La résolution des litiges hors des tribunaux à la cote. D’après une enquête du Centre de médiation et d’arbitrage de Paris, le nombre de dossiers de médiation a progressé de 27 % entre 2022 et 2023. Même constat de croissance à l’AMF depuis la pandémie, malgré une légère stagnation en 2023.
Arbitrage et Marc : les bilans encourageants du Cmap et de l’AMF
Les modes alternatifs de règlements des conflits ont le vent en poupe. En 2023, les dossiers de médiation représentaient 820,7 millions d’euros, soit 222,7 millions d’euros de plus qu’en 2022. Une progression de 27 % en un an, contre 0,9 % pour les dossiers d’arbitrage pour la même période. En 2023, le montant des affaires arbitrées culmine à 950 millions d’euros, un chiffre qui n’est qu’en légère hausse par rapport à l’année précédente (941 millions d’euros en 2022). Et si le nombre de dossiers traités par le Centre de Paris (CMAP) reste relativement stable (2261 dossiers de médiation et 21 d’arbitrage), leur succès, lui, progresse : 63 % des médiations ont abouti à un accord. Cela représente deux points de plus que l’année précédente (61 %).
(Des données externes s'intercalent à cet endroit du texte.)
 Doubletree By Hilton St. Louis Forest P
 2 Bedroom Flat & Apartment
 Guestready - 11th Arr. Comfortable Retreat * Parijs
La bonne santé des Marc et de l’arbitrage s’explique par l’intérêt des entreprises pour ces voies contentieuses nouvelles. “L'augmentation du nombre de dossiers en médiation et en arbitrage, particulièrement pour les litiges majeurs, témoigne de la confiance croissante des entreprises envers notre institution pour résoudre des conflits à fort enjeu”, analyse Bérangère Clady, directrice du pôle Mard du Cmap.
Parmi les motifs les plus fréquents de saisine du Cmap, l’inexécution contractuelle arrive largement en tête de liste : 46 % des médiations en font l’objet. Loin derrière, on trouve les dossiers de droit social (14 %), d’impayés (11 %). La propriété intellectuelle arrive ex aequo avec la rupture des relations contractuelles, les deux représentant chacune 8 % des litiges reçus. En queue de peloton, on trouve les conflits entre associés (4 %), les questions de droit des sociétés et de droit des affaires ainsi que celles relatives à l’immobilier et la construction (3 %). Les grands perdants de la médiation sont le droit de la concurrence et les problématiques de voisinage, qui représentent respectivement 2 % et 1 % des types de litiges traités par le centre de médiation.
Popularité de la clause d’escalade
Les entreprises ont bien compris les avantages de la médiation par rapport à la justice classique. Sophie Henry, déléguée générale du Cmap résume : “En choisissant ces modes alternatifs de résolution des différends, [les entreprises] gagnent en efficacité, réduisent leurs coûts et préservent leurs relations commerciales.” La médiation et l’arbitrage seraient devenus “des outils indispensables” permettant aux entreprises d’échapper à la longueur, à la complexité et au coût des procédures judiciaires régulièrement pointés du doigt. Les Marc font figure de voie express en comparaison. Pour l’arbitrage, la durée moyenne est de dix-sept mois, contre douze à trente-six mois pour une procédure judiciaire.
L’attraction opérée par ces modes de résolution des litiges imprègne les relations d’affaires. Les modes alternatifs de règlements des conflits sont de plus en plus intégrés dans les contrats : 59 % des saisines trouvent leur fondement dans une clause contractuelle, la fameuse clause d’escalade qui invite les cocontractants à fournir les meilleurs efforts pour dénouer leurs querelles en se passant de juge. Ce phénomène n’est pas, juste, “à la mode de Paris” : de plus en plus de parties à la médiation sont issues des régions françaises.
À l’AMF, le PEA donne du fil à retordre
La médiation fait également son chemin dans le secteur bancaire et financier. Marielle Cohen-Branche, médiatrice de l’Autorité des marchés financiers (AMF), comptabilise 1 922 demandes de médiation, un chiffre stable par rapport à 2022, mais en hausse depuis la crise du Covid : en 2019, l’AMF enregistrait 1 295 dossiers reçus en médiation, 1 479 en 2020 et près de 2 000 saisines en 2021.
Un quart des dossiers de médiation qui arrivent sur le bureau de la médiatrice en 2023 concernent les plans d’épargne en actifs. Sujets à controverse depuis 2022, ils soulèvent des problématiques liées au délai de transfert de ces plans et la divergence de réglementation fiscale entre établissements. Viennent ensuite les dossiers concernant l’épargne salariale (18 % des saisines) tandis que les dossiers clos en matière d’ordres de Bourse et d’opérations sur titres ont drastiquement diminué. Depuis 2023, les saisines relatives aux SCPI et au crowdfunding immobilier ont doublé. Le nombre de différends en matière de cryptoactifs a grimpé entre 2022 et 2023, passant de 54 dossiers à 83.